Insurers have massive risk calculating programs for every kind of insurance. They feed it with massive amounts of data (yours and mine) to calculate the likelihood of having to pay claims.
Think Progressive insurance and their "snapshot" driving monitor... AKA "the snitch".
Remember, insurers NEVER do anything that isn't in THEIR best financial interests...
If you hate the idea just get term at least. My policy from LifeAnt is $20 bucks a month, for some people its more like $10. To protect my family I would be a fool not to have it.
"Donne actually wrote: "...and therefore never send to know for whom the bells tolls; it tolls for thee."
Look...If you're going to quote someone, go to the original source and don't get them from a movie. You only make yourself look stupid.
They, the insurance company, are pretty sick group of greedy vampire money sucking lawyers. The money people spend on insurance support them, and pay out damages when need be.
Now, if humans were smart enough to create a fund that everyone who ( WANTED ) to be covered if an accident took a limb, or life could be had for so much less If profit was removed.
Our government is suppose to protect their people from harm, be it abroad or domestic. So why does government allow insurance companies to take, (STEAL) money from the people in the name of doing business. It is a form of gambling and odds are set for the house to always win all the time. Gambling on the life of the people is wrong in so many ways.
Now if I was to be so bold, why not allow every person to join a gambling pool on their 18th birthday. On that day they pay into the pool $365.25, and the same amount at each birthday. They choose an age that they feel they will live to. Let's just say 68 years. If they die before that 68th year their family gets only what is paid in up to that date of death, all the interest earned is lost. But if the person lives to age 78 they get compounded daily interest for 60 years, all paid to who ever they name. It would create a desire to stay healthy, younger family members would be making sure older pool members stays alive as long as possible to receive the reward.
If this sounds odd, it's just life insurance without large profits being removed by greedy folks in the insurance industry.

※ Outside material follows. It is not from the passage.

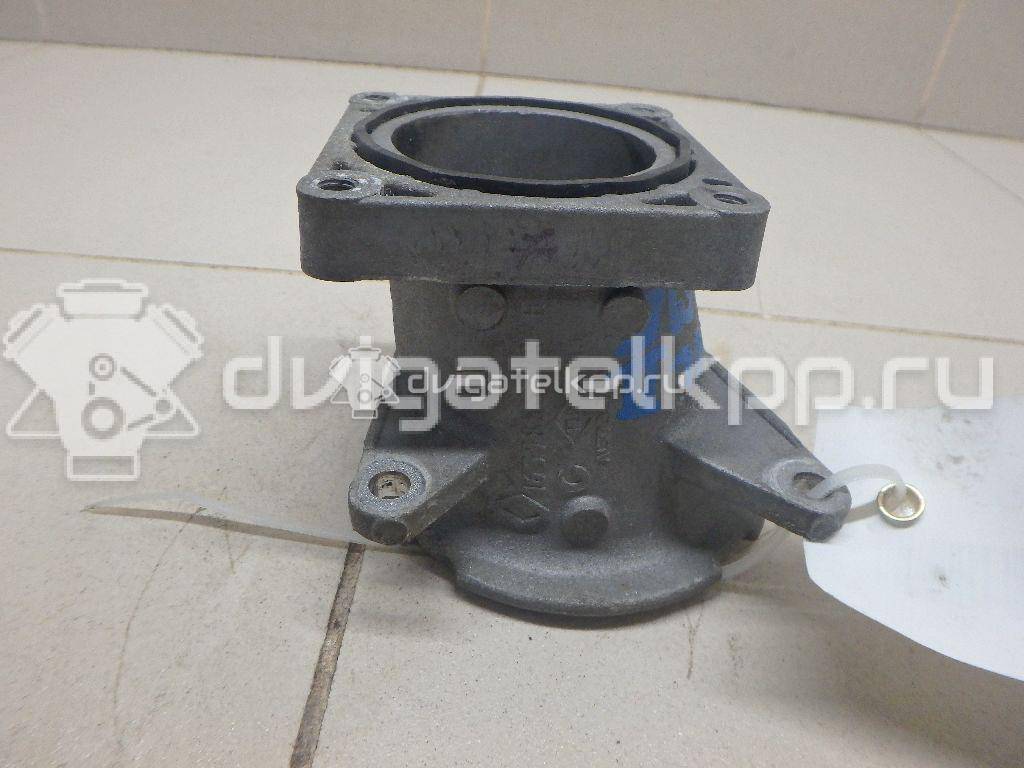 Фото Фланец для двигателя K7M 812 для Renault / Dacia 83-84 л.с 8V 1.6 л бензин 165785537R {forloop.counter}}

It's simple. If you need life insurance to help your loved ones and dependents because you fear death you will not get insurance. If you don't have any reason to fear death because you are fit healthy and safe, you will get insurance and it will be a waste of money.
I bet I will live to age 78 years. I don't need to take any type of exam, no data collected on me for pay out. If I choose to end my life at some point, then so be it. If I have a family who cares for me and helps me live a long life, all the better. I contend that life insurance is a scam, a con job type of Ponzy for taking money from people. If we want to gamble on our lives and how long we live. Then we should be willing to be rewarded at maximum value without some greedy so and so yanking juicy profits out of it for themselves.